§ **Data**:

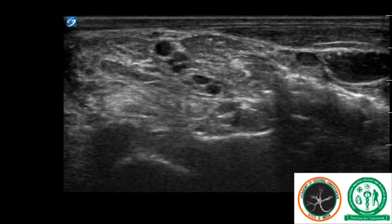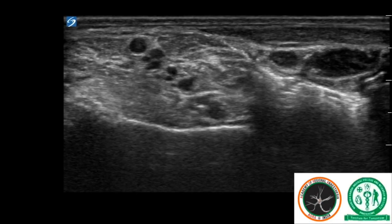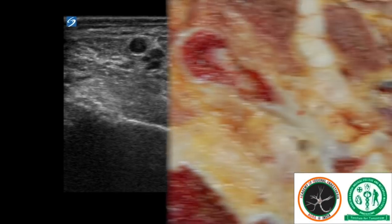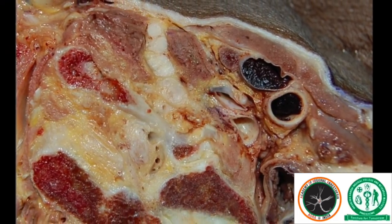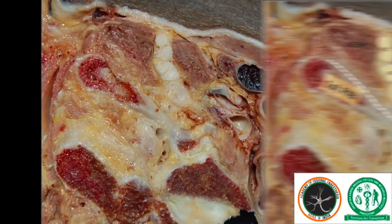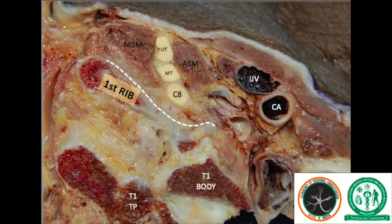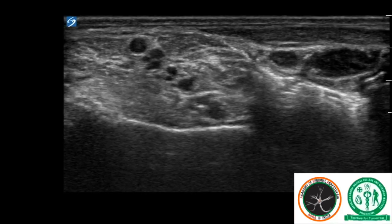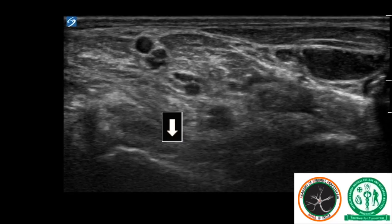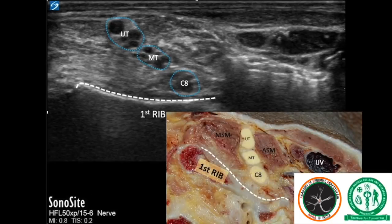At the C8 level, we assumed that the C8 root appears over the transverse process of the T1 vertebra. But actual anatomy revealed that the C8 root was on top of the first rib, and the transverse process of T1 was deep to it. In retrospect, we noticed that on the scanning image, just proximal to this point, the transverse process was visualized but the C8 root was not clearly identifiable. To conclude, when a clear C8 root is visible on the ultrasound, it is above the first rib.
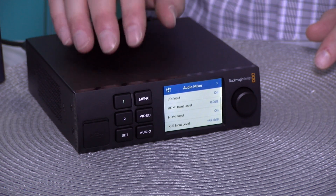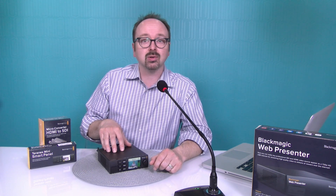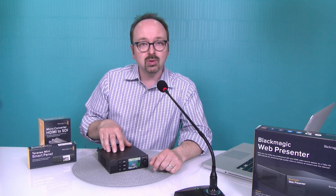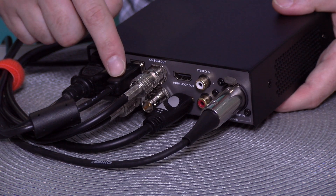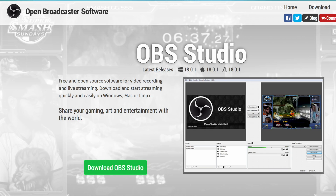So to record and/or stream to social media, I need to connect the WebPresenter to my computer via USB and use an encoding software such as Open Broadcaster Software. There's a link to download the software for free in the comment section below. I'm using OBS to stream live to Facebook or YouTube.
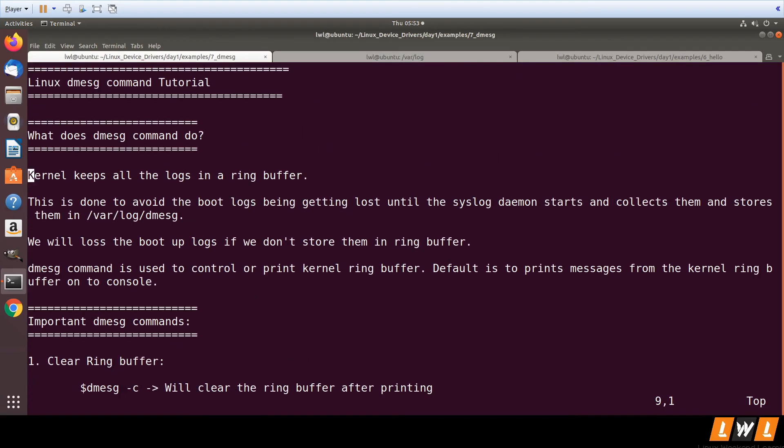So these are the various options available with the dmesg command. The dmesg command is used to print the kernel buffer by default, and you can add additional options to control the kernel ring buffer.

--

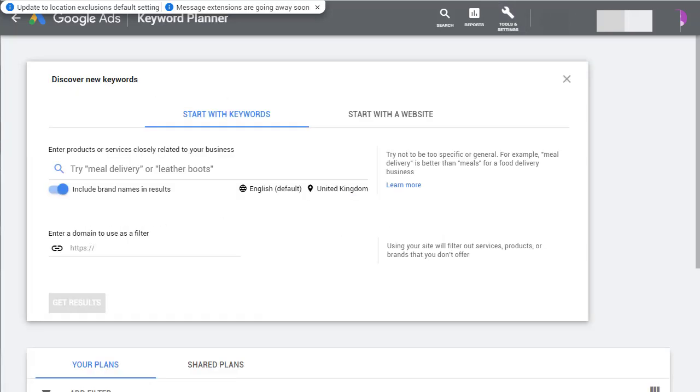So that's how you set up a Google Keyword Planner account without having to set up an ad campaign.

§ **Task to carry out**: Set the pictures aside and transcribe exactly the stretch of lines above, beginning with the one holding "So to record" and ending with the one holding "So these are".

§ **Solution for this exercise**:
So to record and/or stream to social media, I need to connect the WebPresenter to my computer via USB and use an encoding software such as Open Broadcaster Software. There's a link to download the software for free in the comment section below. I'm using OBS to stream live to Facebook or YouTube.
So these are the various options available with the dmesg command. The dmesg command is used to print the kernel buffer by default, and you can add additional options to control the kernel ring buffer.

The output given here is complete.